What are the variations in resistance?

Figure 1 Basic BRT circuit
Figure 1 Basic BRT circuit

There is ±30% variation in the value of the series bias resistor (R1) from the typical value as shown in the datasheet. The value of the base-emitter resistor (R2) is not specified separately; instead, the resistor ratio (R1/R2) is specified. There is ±10% variation in R1/R2 from the typical value.
The values of bias resistors are dependent on temperature, as shown in Figure 2. The resistance decreases at a rate of roughly 0.2%/°C.

About resistor R1:
R1 converts the voltage applied to the B terminal of a BRT into current. A bipolar transistor is a current-driven device. When a bipolar transistor is voltage-driven, the rate of change of the collector current with respect to voltage becomes large, making it difficult to control the collector current. R1 in a BRT makes it relatively easier to control the collector current. When a BRT is on, the internal transistor operates in the saturation region where hFE (=IC/Ib) is in the range of 10 to 20, depending on the input voltage. Therefore, a relatively large current (IB) on the order of a few milliamperes flows through R1. Since the allowable power dissipation of R1 is 1/8 W, the maximum input voltage (VI) of BRTs with a high R1 value is determined by the value of R1.
(See the FAQ entry “What is the maximum voltage that can be applied to the base of a bias resistor built-in transistor (BRT)?”.)

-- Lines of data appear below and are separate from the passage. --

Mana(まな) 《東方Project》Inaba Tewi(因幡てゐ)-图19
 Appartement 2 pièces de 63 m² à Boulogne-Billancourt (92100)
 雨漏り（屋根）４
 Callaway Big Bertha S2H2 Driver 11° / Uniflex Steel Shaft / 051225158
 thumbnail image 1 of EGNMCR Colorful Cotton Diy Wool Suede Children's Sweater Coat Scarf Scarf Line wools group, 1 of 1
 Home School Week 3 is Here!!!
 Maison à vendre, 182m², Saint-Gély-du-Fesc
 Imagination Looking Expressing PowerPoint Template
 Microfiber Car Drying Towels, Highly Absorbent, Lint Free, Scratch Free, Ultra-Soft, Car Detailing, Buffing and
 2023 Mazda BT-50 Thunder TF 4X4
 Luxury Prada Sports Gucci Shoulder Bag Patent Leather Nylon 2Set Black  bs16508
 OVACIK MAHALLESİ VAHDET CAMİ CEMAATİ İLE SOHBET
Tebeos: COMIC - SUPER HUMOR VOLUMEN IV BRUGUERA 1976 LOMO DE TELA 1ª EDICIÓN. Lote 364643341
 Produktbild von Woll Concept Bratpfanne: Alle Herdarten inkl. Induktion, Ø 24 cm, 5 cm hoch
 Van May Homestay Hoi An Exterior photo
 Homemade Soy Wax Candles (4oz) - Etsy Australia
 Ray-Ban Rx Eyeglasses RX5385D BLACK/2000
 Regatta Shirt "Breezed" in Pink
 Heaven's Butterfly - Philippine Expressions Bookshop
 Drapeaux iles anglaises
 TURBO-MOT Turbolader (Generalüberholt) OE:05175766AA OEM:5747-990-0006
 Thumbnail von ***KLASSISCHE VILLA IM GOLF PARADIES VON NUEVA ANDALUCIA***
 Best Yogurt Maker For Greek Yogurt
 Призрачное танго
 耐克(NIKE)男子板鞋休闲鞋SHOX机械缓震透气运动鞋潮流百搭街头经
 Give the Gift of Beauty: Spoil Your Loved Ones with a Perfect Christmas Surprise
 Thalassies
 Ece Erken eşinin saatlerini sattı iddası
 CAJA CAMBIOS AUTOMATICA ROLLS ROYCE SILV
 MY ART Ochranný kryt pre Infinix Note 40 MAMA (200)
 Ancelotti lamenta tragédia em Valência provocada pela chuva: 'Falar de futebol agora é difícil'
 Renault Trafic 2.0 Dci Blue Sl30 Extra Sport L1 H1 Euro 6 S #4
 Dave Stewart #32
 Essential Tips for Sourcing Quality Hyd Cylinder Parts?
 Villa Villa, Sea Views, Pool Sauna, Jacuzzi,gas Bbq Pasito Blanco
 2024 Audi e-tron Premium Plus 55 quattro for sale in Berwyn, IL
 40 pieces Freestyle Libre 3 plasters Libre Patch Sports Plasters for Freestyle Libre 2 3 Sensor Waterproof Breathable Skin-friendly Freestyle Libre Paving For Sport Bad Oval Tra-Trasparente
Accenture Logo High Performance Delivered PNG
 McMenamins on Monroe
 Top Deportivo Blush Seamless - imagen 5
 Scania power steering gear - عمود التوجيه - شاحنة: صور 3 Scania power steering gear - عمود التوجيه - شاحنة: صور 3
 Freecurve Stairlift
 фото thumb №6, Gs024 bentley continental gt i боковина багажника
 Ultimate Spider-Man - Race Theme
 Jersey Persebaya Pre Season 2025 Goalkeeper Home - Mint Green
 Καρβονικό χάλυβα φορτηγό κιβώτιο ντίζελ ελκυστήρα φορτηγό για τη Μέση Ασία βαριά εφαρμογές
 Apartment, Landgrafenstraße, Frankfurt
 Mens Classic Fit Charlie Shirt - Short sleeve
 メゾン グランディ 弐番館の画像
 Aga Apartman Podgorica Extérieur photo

About the resistor ratio (R1/R2)
The input voltage (ON) specification (VI(ON)) is dependent on R1/R2. Since the base current (IB) does not flow immediately before the transistor turns on, the voltage applied to the B terminal (VI) is divided by R1 and R2. Let the turn-on threshold voltage of the internal transistor be Vbe. Then,    
Vbe = R2 / (R1+R2) * VI(ON)
The Vbe of BRTs is not affected by the values of R1 and R2 if they contain the same transistor.
VI(ON)=Vbe*(R1+R2) / R2 = Vbe*( 1 + R1 / R2 )
Hence, VI(ON) is dependent on the resistor ratio (R1/R2).